Clive Hamilton, executive director of the Australia Institute, in his address to delegates at the Communities in Control Conference, focussed on Australia's non-Government and community organisations (NGOs), their role in democratic society and the threats they face from government to their independence.

Dr Hamilton said that NGOs played a vital role in society and "are admired and respected not just for the services they deliver to marginalised and disadvantaged groups but for their contribution to public debate and the democratic process".

He also asserted that, given growing public disillusionment with political processes both in Australia and overseas, community organisations had given many people who are "frustrated with the political process have turned their energies to community organisations, and hope to help create a better society through them" – making them even more vital to sustaining democracy.

However, Dr Hamilton said that recently the legitimacy of NGOs and their contribution to democratic processes had come under threat. He cited recent criticism of NGOs by "right-wing Melbourne think-tank" the Institute for Public Affairs – who described them as "'selfish and self-serving' interest groups with little representative legitimacy".

He then said NGOs were also under threat from the Federal Government itself with the Government asking the IPA to carry out an audit of how NGOs relate to Government departments.

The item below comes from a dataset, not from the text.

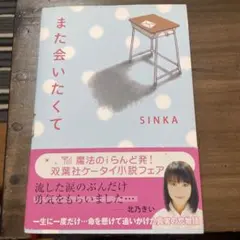 Item thumbnail for item 998e0856-ea76-47b9-bee7-f68f549c052b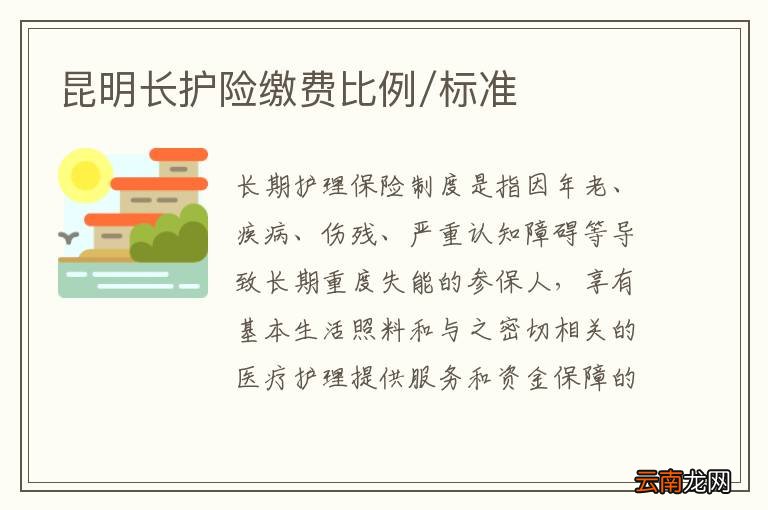 昆明长护险缴费比例/标准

Dr Hamilton said many NGOs also felt threatened by the (now defunct) Charities Bill which had looked at restricting the advocacy pursued by community groups.

He said a study of NGOs' perceptions found that many found themselves increasingly excluded from the policy-making process. Mr Hamilton said a study of NGOs perceptions and attitudes by the Institute last year had charted these fears. Its results included:
  • That 61% of NGOs surveyed said the Federal Government was their main barrier in getting their message heard. 34% said the State Government was their main barrier;


  • That among NGOs with Federal Government funding, 70% reported that funding sometimes restricted their ability to comment on Government policy – with some expressing that there was an "implicit pressure" from the Government that it did fund organisations that criticised it;


  • That NGOs overwhelmingly see the Federal Government, and to a lesser extent State Government, more keen to silence debate than tolerate or encourage it;


  • That NGOs overwhelmingly feel that the current Australian political culture did not encourage public debate, and that those who dissented from current government policy were not valued by the government "as part of a robust democracy", and


  • That almost 90% of NGOs surveyed felt that dissenting organisations were at risk of having their government funding cut.
"On coming to power in 1996, Prime Minister Howard expressed his pleasure at the fact that more people 'feel able to speak a little more freely and a little more openly' because the 'pall of censorship on certain issues has been lifted'," Dr Hamilton said.

"It would appear from the survey results presented here that, contrary to the Prime Minister's view, many NGOs are reluctant, if not afraid, to speak out. It means that the knowledge and breadth of experience collected together in this room are having much less influence on how we develop as a society than they should."